Пристрастие к любимой
Пристрастие к любимой
Обыскался я тут как-то Большого Чернышевского переулка — ни слуху ни духу. Знал, что где-то в районе Никитских улиц он, но все поиски упирались в тупик: милиция меня подозрительно разглядывала и единообразно пожимала плечами, старожилы пенсионной наружности сосредоточенно морщили лбы, а пионеры-тимуровцы отчего-то не попадались. Наверное, я несколько припозднился с поисками.
А нужен был мне этот переулок позарез по той причине, что именно в нем помещалась редакция «Русских ведомостей» — газеты, где стал работать Владимир Алексеевич Гиляровский по приезде в Москву и которая ярко вспыхнула на фоне других московских газет с его появлением.
Другая — «Московские ведомости» — слыла казенной, как тогда говорили, правительственной газетой, и, кроме официальной информации, в ней и почитать-то нечего было. Вот я и разыскивал морозным предновогодним днем тот дом, где некогда кипели бурные газетные страсти.
И вдруг выплыло в памяти: а не тот ли это переулок, что потом стал называться улицей Станкевича? Тот! Только и улицы такой уже нет, а есть Вознесенский переулок — тихий, коротенький, где ничто о великой московской газете не напоминает. Под номером 7 теперь, по-моему, новодел — невзрачная, безликая двухэтажка в пять окон во втором этаже. Но преемственность вроде и сохранилась: теперь здесь типография «Гудка» размещается.
И ушел я ни с чем отсюда. Разве только с огорчительной мыслью: и что же у нас так неуважительно жонглируют укоренившимися названиями улиц… Как хорошо прожить жизнь среди одних и тех же улиц, пусть меняющих облик, но зато свой дух сохраняющих…
Гиляровского пригласили в «Русские ведомости», чтобы оживить отдел московской жизни. Газету нередко называли «профессорской», и читала ее в основном интеллигенция. Жизни городской — скрытной, однако же насыщенной и бесконечно интересной, на ее страницах не было вовсе. Владелец газеты В. М. Соболевский рассчитывал на одаренного и оборотистого репортера, в недалеком прошлом актера. А что? Репортеру нередко в разные игры играть приходится, и роли осваивать новые, и временами даже облик менять. Гиляровский как никто другой подходил для этаких игр.
Первым делом у московского брандмайора, полковника С. А. Потемкина, он выхлопотал особую карточку, на которой главный московский пожарный собственноручно проставил: «Корреспонденту В. А. Гиляровскому разрешаю ездить на пожарном обозе», благодаря коей всегда первым из журналистов оказывался на месте происшествия.

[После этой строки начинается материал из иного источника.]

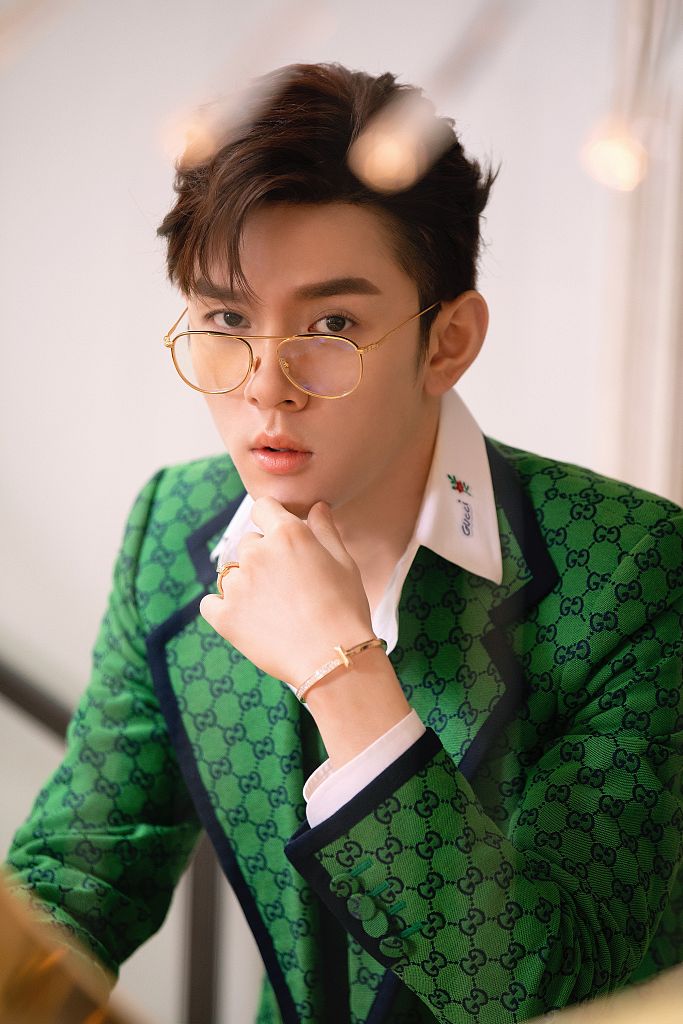 李佳琦染红发戴金丝框镜显斯文穿绿色印花套装变复古潮男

Однажды, сразу после пожара, вернулся в редакцию, сел писать репортаж, хвать, а нет любимых часов, отцом подаренных. В суматохе вытащили… Жутко тогда расстроился Владимир Алексеевич… А на следующее утро жена, вынимая из почтового ящика письма, обнаружила те самые часы с серебряной цепочкой и запиской к ним: «Стырено по ошибке, не знали, что ваши. Получите с извинением».
Ну а сейчас-то у нас как раз принято грабить знаменитых людей. Другой нынче вор.

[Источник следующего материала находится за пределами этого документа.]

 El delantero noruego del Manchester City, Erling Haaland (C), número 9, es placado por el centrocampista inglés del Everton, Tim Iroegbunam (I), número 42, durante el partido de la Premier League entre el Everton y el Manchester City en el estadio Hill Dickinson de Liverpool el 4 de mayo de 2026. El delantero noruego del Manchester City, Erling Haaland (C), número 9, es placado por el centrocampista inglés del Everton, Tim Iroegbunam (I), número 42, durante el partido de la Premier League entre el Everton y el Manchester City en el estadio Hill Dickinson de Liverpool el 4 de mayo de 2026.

При Гиляровском «Русские ведомости» и любовь снискали, и власти добились. Газета, в которую Владимир Алексеевич вдохнул свежие силы, такой страх наводила на власти, что то и дело приостанавливали выпуск ее, закрывали даже несколько раз в год. И не столько потому, что, как говорилось в одном из официальных обвинений, газета «заключает в себе крайне, в циничной форме, враждебное сопоставление различных классов населения и, в частности, оскорбительное отношение к дворянскому сословию», а потому, что нежелательную для власть предержащих правду печатала. Ну а строптивость характера на газетном роду написана. Без язвинки да без занозистости — газета уже не газета, а промокашка.